Short version
Scientists have done a spectacularly poor job explaining to the taxpayers what we do in many ways. One, which is perhaps not entirely our fault, is that we have done a poor job explaining just how cheap our research is. Here I tell you about a project my lab conducted, which suggests (a) that people vary dramatically in how they map the cost of objectively small budget items onto a number line, even when given numerical information about costs, and (b) that support for these budget items is elastic in terms of psychological relative cost—people who are better at mapping the true cost of the programs into number lines view them more favorably than those who don’t them.
Budgeting Science
It’s that time of year again. House Republicans have noticed that the National Science Foundation still exists, and have once again demanded that science research—and social science in particular—be cut substantially. It’s actually not as bad this time around as in some past years: social science is facing a 42% proposed cut; in past years, the starting proposal has been even higher. The proposal also puts heavy restrictions on climate change research.
And, once again, it’s time to face the fact that we scientists have done a spectacularly bad job explaining what we do, and why it is worth public investment. Some of the reason for our failing is perhaps that we scientists feel entitled to do our work; some is that objectively, science is an amazingly good investment, and social science has arguably led to growth in GDP, as well as in outcomes for veterans, escape plans in the face of natural disasters, and educational practice.
Nevertheless, support for public research is relatively low, and funding for the public universities that are the major site for this research is under pressure. One problem is that there is a widespread misconception that professors spend the majority of their effort teaching in classrooms. Of course, teaching is an important part of our job, but classroom-related teaching is about 20-30% of most faculty member’s efforts. The bulk of our time is doing research—research that creates much of the new knowledge we go on to teach in our courses. As a result, students end up paying for research that benefits the entire tax base, and taxpayers don’t realize how this value is achieved.
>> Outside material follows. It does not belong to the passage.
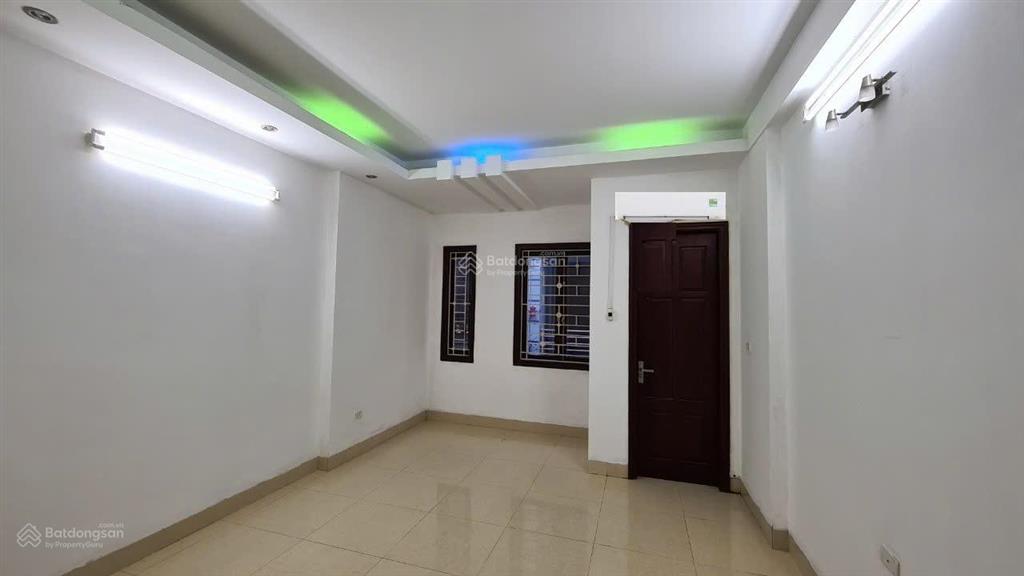Cho thuê 01 phòng đẹp  phố phạm tuấn tài, quận cầu giấy, hà nội, ưu đãi đặt sớm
But over the last few years my lab has been researching another likely cause of opposition to the NSF and other research budgets*. Budgets for NIH, NSF, IES, DARPA, and other large, famous federal research foundations are typically expressed as numbers. For instance, the NSF budget is about $7 billion dollars annually. And people don’t know how much that is. Worse, they work with those numbers incorrectly, and when they do, they tend to end up making predictable bad judgments that likely mismatch their real desires.
Perception of Cost
I give a super-fast overview of our methods here. There are a lot more details in the published papers. If what you want is less detail, here’s the one-sentence version: About 40% of people are biased on number lines such that they systematically and hugely overestimate the value of smaller ‘big’ numbers relative to much larger ones, when those numbers cross between millions, billions, and trillions
The major—but not the only—way we have examined large number use is using the number to position task. Here, we ask people to put a number on a number line. For instance, we might ask people to put 280 million on a line from 1 thousand (or 0) to 1 billion. There is quite a bit of complex structure in how people respond to this task, and I won’t explain it all in detail (but see our papers). The short version is that people divide the line up into ‘chunks’ based on the scale word used—for instance a line from 1 thousand to 1 billion would be divided into a ’thousands’ chunk and a ‘millions’ chunk**, like this:

The thing is, the way I just drew this, it’s very wrong. You see, there are 1,000 millions in a billion (that’s what a billion is, right? 1,000 million, at least here in the US (link)). But about 40% of our subjects do something quite like this, placing "million" somewhere between 20% and 50% of the way across the line. The other half also seems to divide the line up, but they do it more or less at the right place, which is about here:

So about half of people not only get big numbers wrong, but get them systematically grossly wrong. Does that matter? It might: if these behaviors reflect something that is happening when we compares costs. Let’s look at how this might work in an example: the $11 million that was budgeted at one point in 2013 for political science research, out of the $7 billion total the NSF was getting that year.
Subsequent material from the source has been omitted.